Analysis of Gene Expression Profiles in the Human Brain Stem, Cerebellum and Cerebral Cortex

Lei Chen; Chen Chu; Yu-Hang Zhang; Changming Zhu; Xiangyin Kong; Tao Huang; Yu-Dong Cai

doi:10.1371/journal.pone.0159395

Abstract

The human brain is one of the most mysterious tissues in the body. Our knowledge of the human brain is limited due to the complexity of its structure and the microscopic nature of connections between brain regions and other tissues in the body. In this study, we analyzed the gene expression profiles of three brain regions—the brain stem, cerebellum and cerebral cortex—to identify genes that are differentially expressed among these different brain regions in humans and to obtain a list of robust, region-specific, differentially expressed genes by comparing the expression signatures from different individuals. Feature selection methods, specifically minimum redundancy maximum relevance and incremental feature selection, were employed to analyze the gene expression profiles. Sequential minimal optimization, a machine-learning algorithm, was employed to examine the utility of selected genes. We also performed a literature search, and we discuss the experimental evidence for the important physiological functions of several highly ranked genes, including NR2E1, DAO, and LRRC7, and we give our analyses on a gene (TFAP2B) that have not been investigated or experimentally validated. As a whole, the results of our study will improve our ability to predict and understand genes related to brain regionalization and function.
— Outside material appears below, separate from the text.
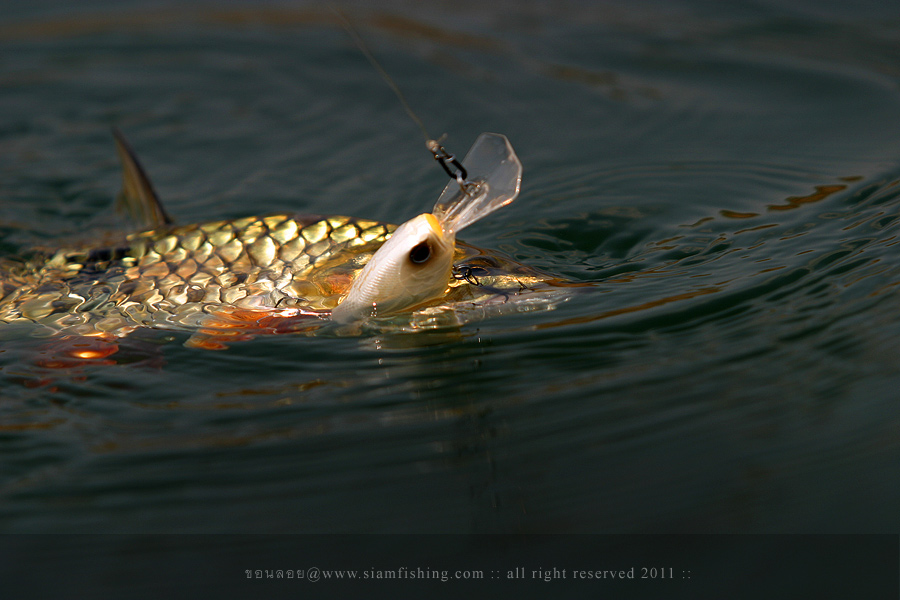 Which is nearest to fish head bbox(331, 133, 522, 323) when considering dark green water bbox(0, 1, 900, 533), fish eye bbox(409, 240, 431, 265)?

Citation: Chen L, Chu C, Zhang Y-H, Zhu C, Kong X, Huang T, et al. (2016) Analysis of Gene Expression Profiles in the Human Brain Stem, Cerebellum and Cerebral Cortex. PLoS ONE 11(7): e0159395. https://doi.org/10.1371/journal.pone.0159395

Editor: Ramani Ramchandran, Medical College of Wisconsin, UNITED STATES

Received: March 19, 2016; Accepted: July 1, 2016; Published: July 19, 2016

Copyright: © 2016 Chen et al. This is an open access article distributed under the terms of the Creative Commons Attribution License, which permits unrestricted use, distribution, and reproduction in any medium, provided the original author and source are credited.

Data Availability: All relevant data are within the paper and its Supporting Information files.

Funding: This study was supported by the National Natural Science Foundation of China (61202021, 31371335), Shanghai Natural Science Foundation (16ZR1414500), Shanghai Sailing Program and The Youth Innovation Promotion Association of Chinese Academy of Sciences (CAS) (2016245). The funders had no role in study design, data collection and analysis, decision to publish, or preparation of the manuscript.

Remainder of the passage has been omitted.